What to produce ▸ Look through the entries below for the line with "In summary, when" and the line with "Hi, it's Anna", then give again exactly those two lines and all lines between them, minus the pictures.

The records ▸
__________

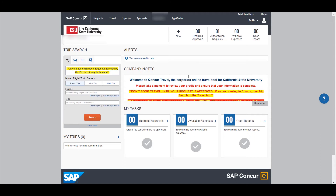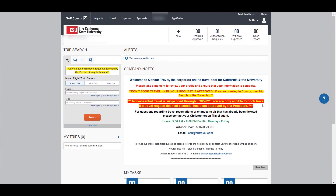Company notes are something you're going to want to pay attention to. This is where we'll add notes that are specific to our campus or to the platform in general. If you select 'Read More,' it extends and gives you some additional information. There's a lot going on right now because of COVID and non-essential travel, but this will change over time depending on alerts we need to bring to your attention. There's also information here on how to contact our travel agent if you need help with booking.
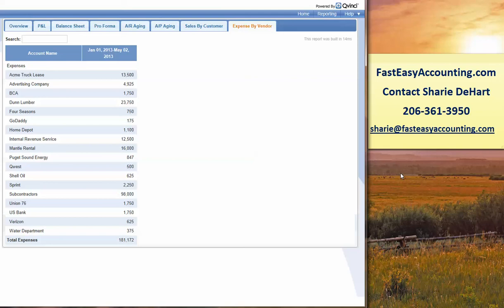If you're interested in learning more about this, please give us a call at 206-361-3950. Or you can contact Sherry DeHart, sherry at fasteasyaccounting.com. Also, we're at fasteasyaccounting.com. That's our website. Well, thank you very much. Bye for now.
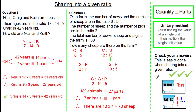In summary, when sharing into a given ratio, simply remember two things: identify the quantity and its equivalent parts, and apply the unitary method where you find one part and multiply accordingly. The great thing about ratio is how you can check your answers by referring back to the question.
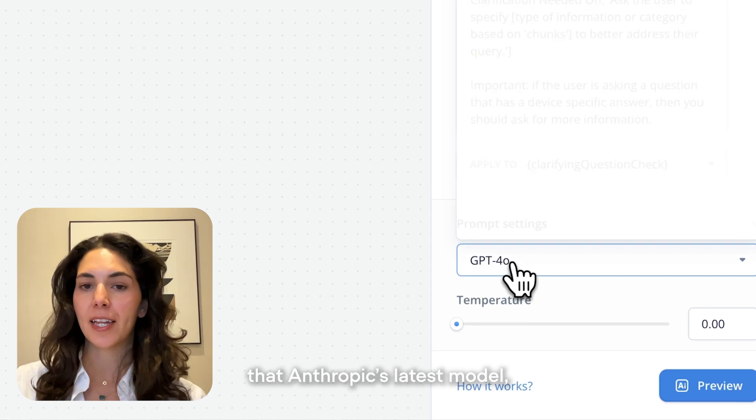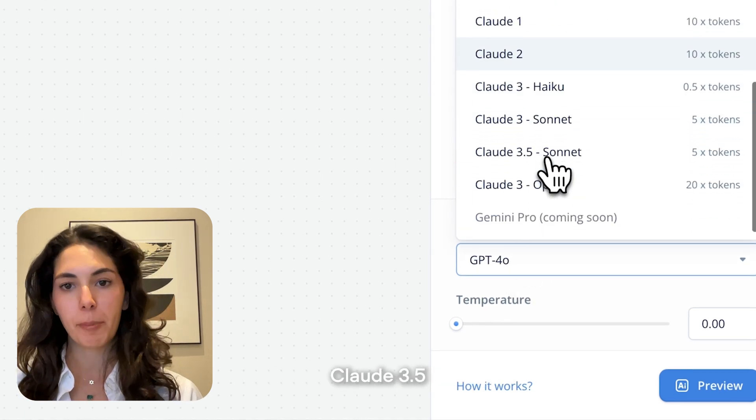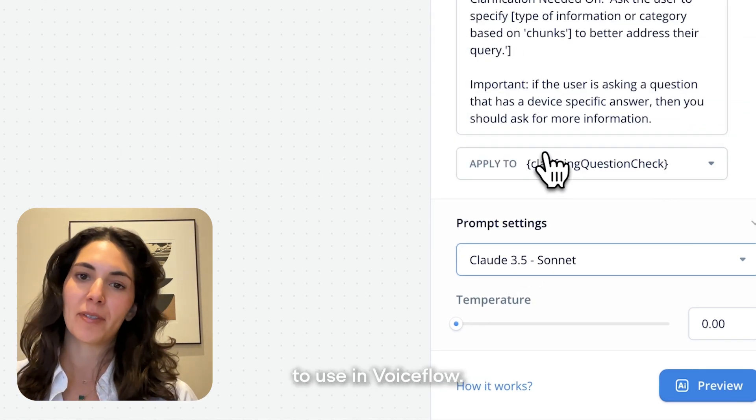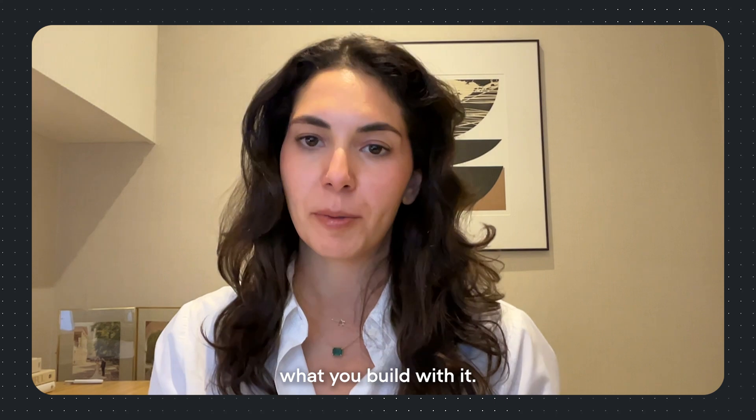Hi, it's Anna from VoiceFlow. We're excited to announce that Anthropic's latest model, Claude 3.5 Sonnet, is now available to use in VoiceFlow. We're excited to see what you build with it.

__________

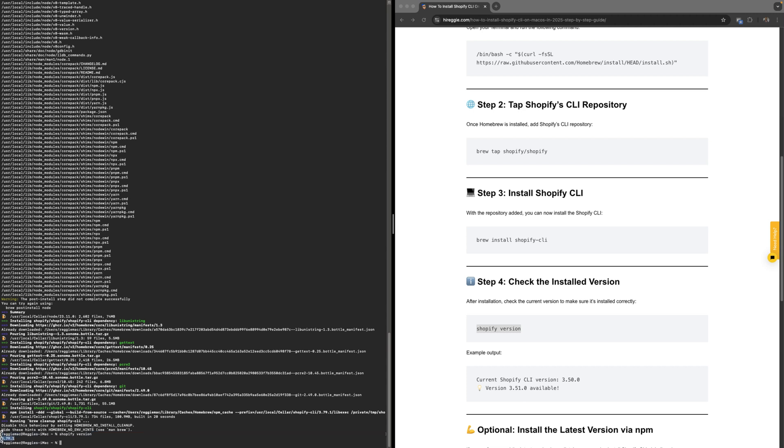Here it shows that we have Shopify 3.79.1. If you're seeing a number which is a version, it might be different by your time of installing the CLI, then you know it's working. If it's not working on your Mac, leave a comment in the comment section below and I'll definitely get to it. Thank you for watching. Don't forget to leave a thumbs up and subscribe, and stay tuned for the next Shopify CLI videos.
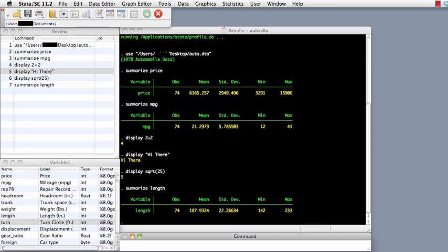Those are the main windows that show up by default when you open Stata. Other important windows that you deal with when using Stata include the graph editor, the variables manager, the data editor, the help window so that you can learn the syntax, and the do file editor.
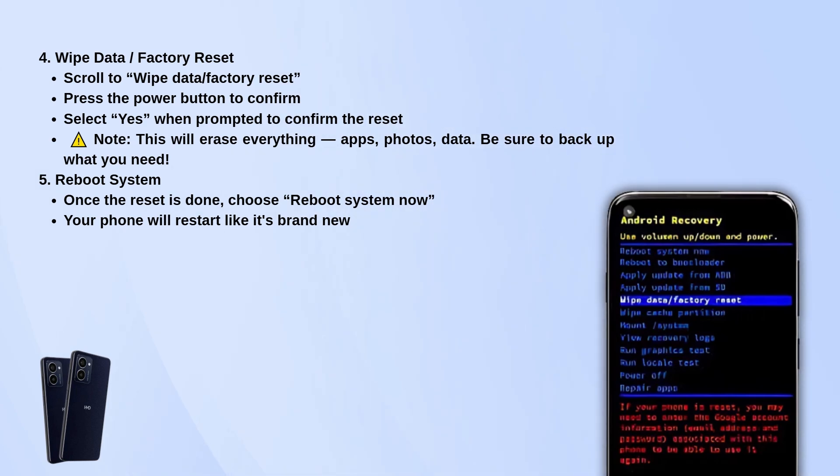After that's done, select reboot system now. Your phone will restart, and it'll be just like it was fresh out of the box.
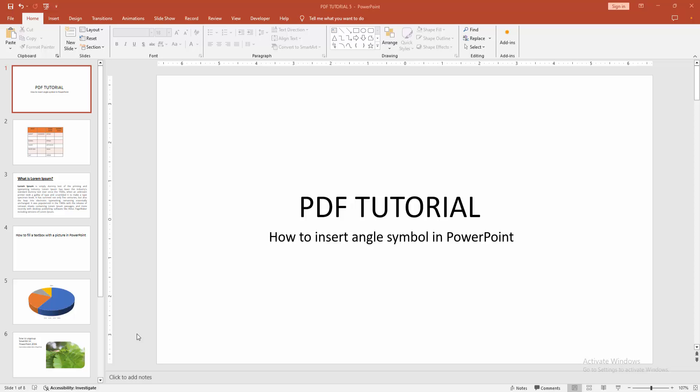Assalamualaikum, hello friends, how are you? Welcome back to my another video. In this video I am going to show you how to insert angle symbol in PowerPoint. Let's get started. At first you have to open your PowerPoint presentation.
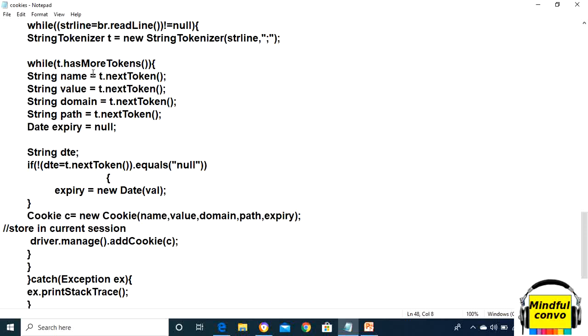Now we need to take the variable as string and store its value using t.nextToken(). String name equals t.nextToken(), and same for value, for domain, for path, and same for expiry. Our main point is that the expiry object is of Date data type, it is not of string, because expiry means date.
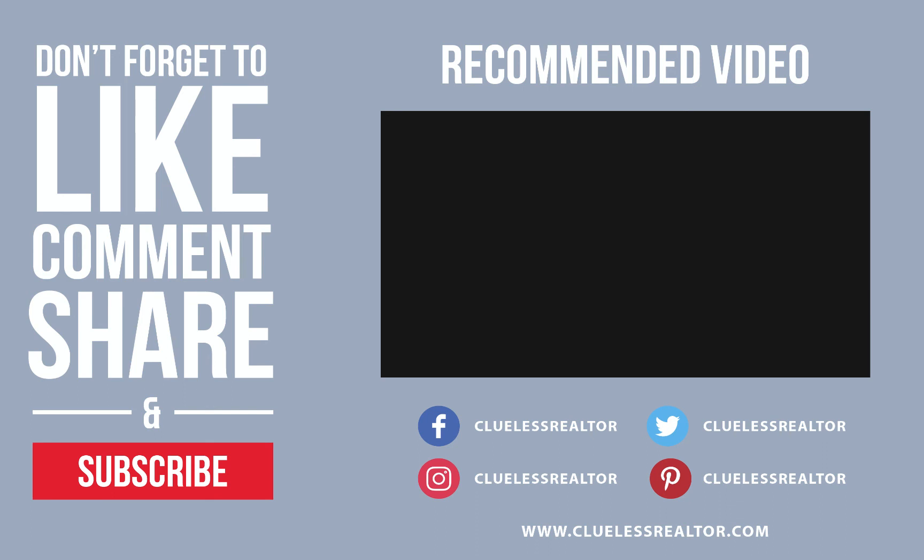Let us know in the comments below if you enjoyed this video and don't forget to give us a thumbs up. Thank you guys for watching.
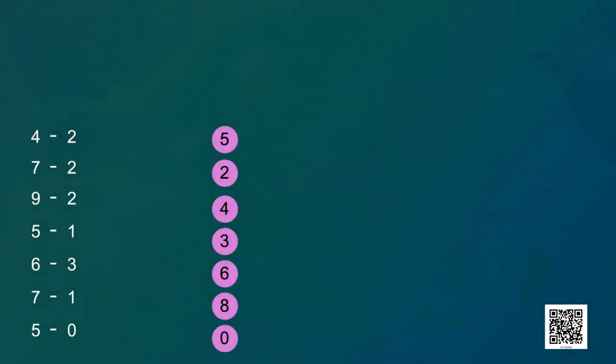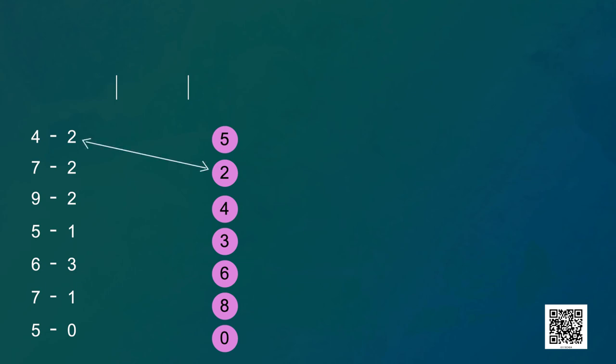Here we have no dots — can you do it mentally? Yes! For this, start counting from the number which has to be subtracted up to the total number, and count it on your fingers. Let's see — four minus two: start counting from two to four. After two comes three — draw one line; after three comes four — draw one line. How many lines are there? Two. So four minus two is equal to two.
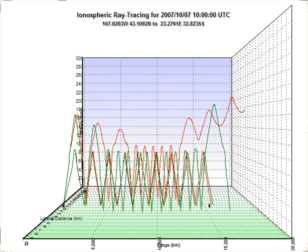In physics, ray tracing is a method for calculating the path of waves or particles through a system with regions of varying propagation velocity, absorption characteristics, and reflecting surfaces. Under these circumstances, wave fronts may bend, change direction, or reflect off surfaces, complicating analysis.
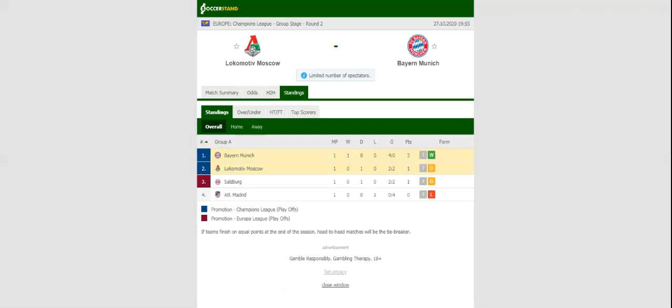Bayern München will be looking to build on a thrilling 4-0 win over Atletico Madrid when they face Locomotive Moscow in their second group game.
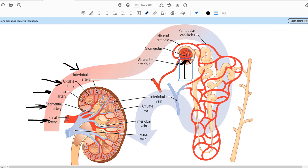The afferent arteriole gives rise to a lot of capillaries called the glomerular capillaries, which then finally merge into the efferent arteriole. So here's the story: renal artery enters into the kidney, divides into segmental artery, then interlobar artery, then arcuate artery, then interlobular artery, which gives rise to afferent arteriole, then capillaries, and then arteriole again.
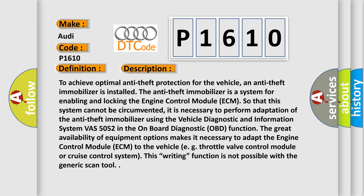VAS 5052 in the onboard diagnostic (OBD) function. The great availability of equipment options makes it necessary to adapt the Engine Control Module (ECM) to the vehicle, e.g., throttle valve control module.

__________

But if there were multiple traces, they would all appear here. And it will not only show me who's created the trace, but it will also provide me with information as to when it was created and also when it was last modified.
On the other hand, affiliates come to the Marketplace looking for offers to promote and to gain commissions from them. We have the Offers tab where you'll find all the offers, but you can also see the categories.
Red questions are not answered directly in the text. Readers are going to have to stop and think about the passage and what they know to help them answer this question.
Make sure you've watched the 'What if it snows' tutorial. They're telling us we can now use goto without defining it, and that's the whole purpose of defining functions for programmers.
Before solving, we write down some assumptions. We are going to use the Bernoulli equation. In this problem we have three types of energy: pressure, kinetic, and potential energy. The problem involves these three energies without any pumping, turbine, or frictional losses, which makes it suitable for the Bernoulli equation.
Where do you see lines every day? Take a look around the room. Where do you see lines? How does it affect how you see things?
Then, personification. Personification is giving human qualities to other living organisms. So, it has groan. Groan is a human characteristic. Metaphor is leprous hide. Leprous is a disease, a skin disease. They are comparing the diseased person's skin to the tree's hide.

__________

Completed exercise ▸
In summary, when sharing into a given ratio, simply remember two things: identify the quantity and its equivalent parts, and apply the unitary method where you find one part and multiply accordingly. The great thing about ratio is how you can check your answers by referring back to the question.
Hi, it's Anna from VoiceFlow. We're excited to announce that Anthropic's latest model, Claude 3.5 Sonnet, is now available to use in VoiceFlow. We're excited to see what you build with it.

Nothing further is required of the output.